Originariamente denominata “Calata dei Giudici”, questa strada traccia la sua denominazione dai Giudici della Corte Pretoriana, che un tempo dimoravano nel monastero di S. Caterina. La Corte, guidata dal pretore (antecedentemente chiamato baiulo, corrispondente all’attuale sindaco) nelle cause civili e da un giustiziere nelle cause penali, vide i suoi giudici eletti personalmente dal re, su raccomandazione del viceré. Essi dovevano essere nativi di Palermo e il loro mandato durava un anno.

 

Nei secoli XIII e XIV, i giudici si radunavano presso S. Maria dell’Ammiraglio, nell’atrio della chiesa. Successivamente, a partire dal 1550, la Corte cominciò a tenere le sue sedute nel nuovo palazzo comunale, finché nel 1636 fu definitivamente trasferita in un edificio (ora scomparso) situato all’angolo tra via Maqueda e piazza Bellini, che in precedenza ospitava l’Accademia dei Cavalieri. Nel 1816, la Corte fu definitivamente soppressa, segnando la fine di un’importante istituzione giudiziaria.

 

La storia della Calata dei Giudici offre uno sguardo affascinante sullo sviluppo e le trasformazioni della giustizia a Palermo nel corso dei secoli, riflettendo il passaggio dalla congregazione in chiese storiche alla formalizzazione in nuovi palazzi comunali. Oggi, la strada conserva le tracce del suo ricco passato, testimoniando un’epoca in cui giudici erano chiamati a prendere decisioni cruciali per la giustizia nella città.

 

In una leggenda tramandata nel tempo, si narra che il cambiamento del toponimo di questa via sia stato motivato da un’ingiustizia perpetrata da alcuni giudici. Il protagonista di questa storia è un bambino, figlio di un uomo molto ricco, rimasto improvvisamente orfano e affidato a un abate che aveva un oscuro intento: privare il bambino della sua eredità.

 

Inizialmente, la cura del piccolo fu affidata a una nutrice. Tuttavia, una volta che l’abate riuscì a impossessarsi del patrimonio del ragazzo, la donna smise di essere retribuita. Nonostante ciò, spinta dalla pietà e dall’affetto per il bambino, decise di crescerlo insieme ai propri figli, dovendo però affrontare una difficile situazione economica.

 

Con il passare degli anni, il giovane, divenuto adulto, si dedicò a lavorare per un maestro chiavettiere, al quale confidò la sua travagliata storia. Mosso dalla compassione, il chiavettiere decise di agire e coinvolse le autorità per ottenere giustizia e punire l’abate.

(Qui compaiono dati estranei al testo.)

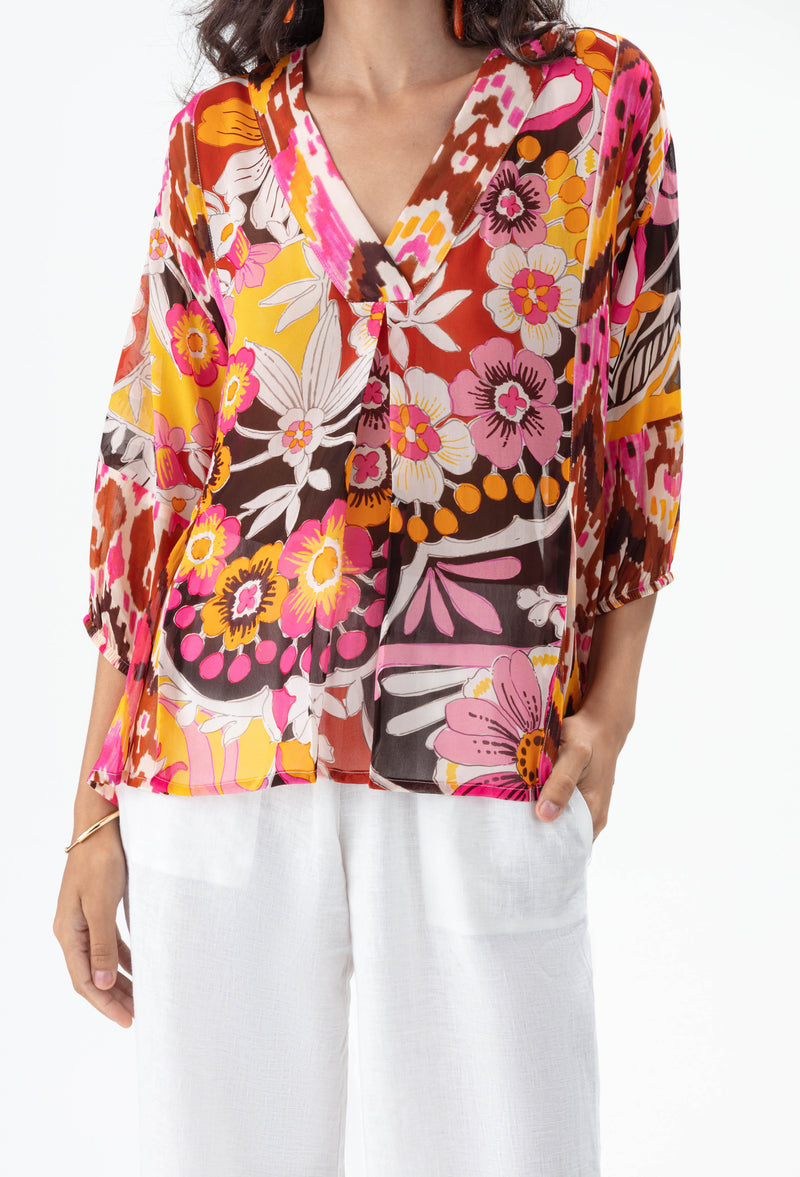 Blouse LOTUS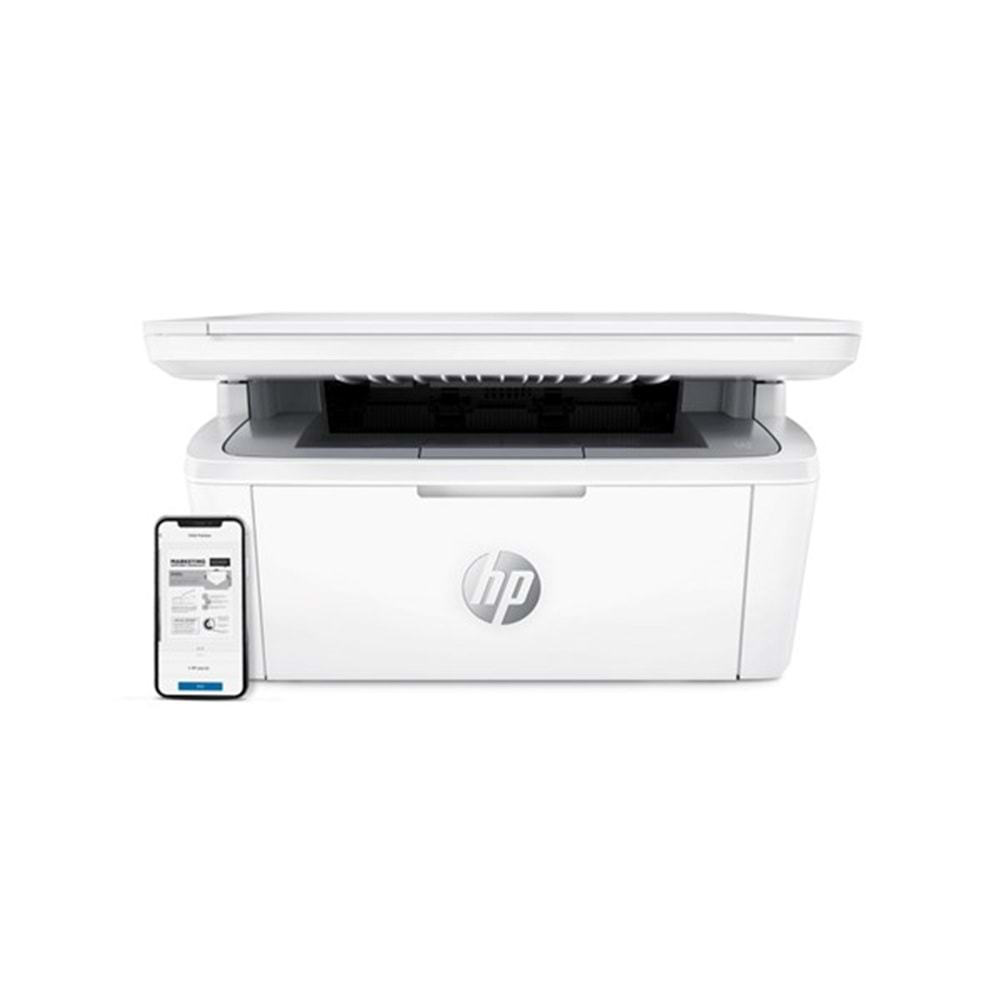 HP A4 Siyah M141w 7MD74A Çok Fonksiyonlu Laser Yazıcı USB 2.0,Kablosuz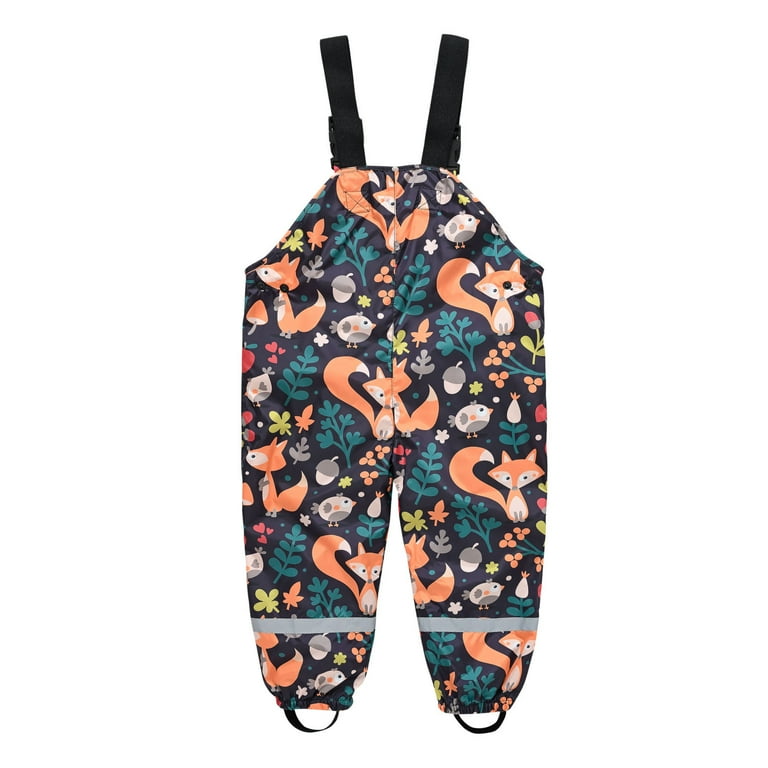Baby rain deals trousers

Nonostante la grande ricchezza dell’abate, questi riuscì a corrompere i giudici e ottenne l’assoluzione. Il maestro chiavettiere, però, non si arrese e fece appello direttamente a Carlo V, l’imperatore, il quale si interessò profondamente alla vicenda del giovane. Travestitosi e recandosi incognito a Palermo, l’imperatore emanò un ordine diretto ai giudici: vennero legati alle corse dei cavalli e trascinati lungo la strada che oggi porta il nome di Discesa dei Giudici.

 

L’imperatore aveva deciso che la punizione inflitta doveva non solo rappresentare una forma di castigo, ma anche un atto di umiliazione. Quando i giudici emettevano una condanna, questa includeva spesso l’esposizione pubblica del condannato nella centralissima Piazza Quattro Canti. In questo contesto, il condannato veniva vincolato e costretto a salire dalla sede del tribunale fino ai Quattro Canti.

Al contrario, quando l’imperatore aveva deciso di punire i giudici stessi, il percorso da essi compiuto era inverso e particolarmente umiliante. In questo caso, anziché salire, i giudici umiliati dovevano scendere dalla sede del tribunale fino a raggiungere i Quattro Canti.

 

In precedenza, tale via era nota come Calata dei Giudici, in omaggio ai giudici della Corte pretoriana ospitati nel monastero di Santa Caterina. Solo dopo l’orribile errore giudiziario, il nome della via fu cambiato in Discesa dei Giudici, in ricordo di quel tragico episodio.

 

La leggenda racconta inoltre che, oltre al crudele destino dei corpi dei giudici, le loro pelli furono utilizzate come fodere per tappezzare le poltrone dei loro successori, come un memento di un giudizio implacabile.